Work task: Set down each record below exactly as it stands. Pictures are not part of the copy.

--- START ---

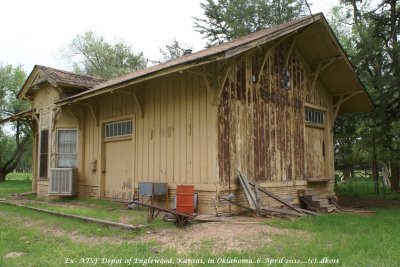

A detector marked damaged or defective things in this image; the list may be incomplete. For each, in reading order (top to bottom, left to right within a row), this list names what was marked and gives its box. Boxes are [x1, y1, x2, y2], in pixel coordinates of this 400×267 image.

rusted metal siding [217, 44, 330, 186]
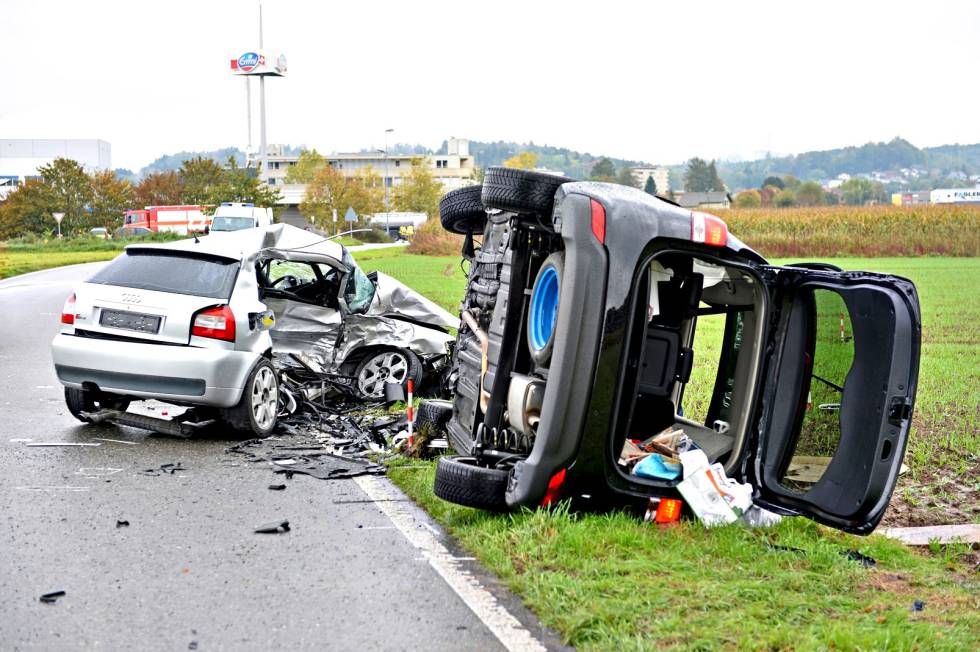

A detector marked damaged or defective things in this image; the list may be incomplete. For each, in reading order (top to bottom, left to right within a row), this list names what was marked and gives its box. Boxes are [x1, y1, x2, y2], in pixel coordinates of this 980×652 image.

overturned suv [432, 168, 924, 536]
broken car door [752, 266, 920, 536]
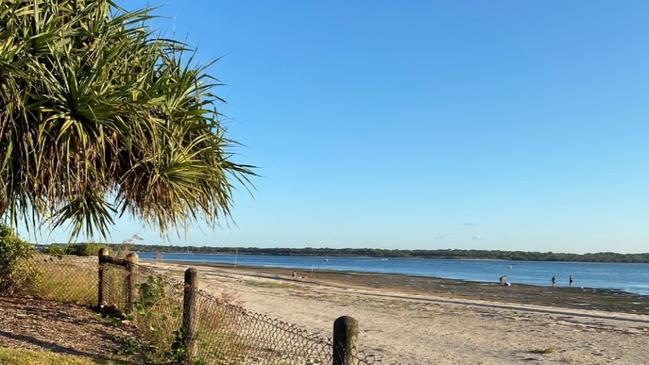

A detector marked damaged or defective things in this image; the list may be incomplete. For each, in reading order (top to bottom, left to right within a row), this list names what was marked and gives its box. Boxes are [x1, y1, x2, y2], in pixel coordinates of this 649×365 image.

rusty fence wire [10, 255, 388, 362]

--- END ---

Problem solution:
A detector marked damaged or defective things in this image; the list may be incomplete. For each, in reading order (top to bottom, left to right within a row), this list names what was marked and gives its box. Boxes are [x1, y1, x2, y2], in pixel coordinates of this 400×267 image.

rusted metal siding [217, 44, 330, 186]

A detector marked damaged or defective things in this image; the list may be incomplete. For each, in reading order (top to bottom, left to right within a row), this list names what was marked and gives its box. Boxes are [x1, y1, x2, y2], in pixel coordinates of this 980×652 image.

overturned suv [432, 168, 924, 536]
broken car door [752, 266, 920, 536]

A detector marked damaged or defective things in this image; the list may be incomplete. For each, in reading order (top to bottom, left to right within a row), this list names what was marked and gives its box. Boxes are [x1, y1, x2, y2], in pixel coordinates of this 649×365 image.

rusty fence wire [10, 255, 388, 362]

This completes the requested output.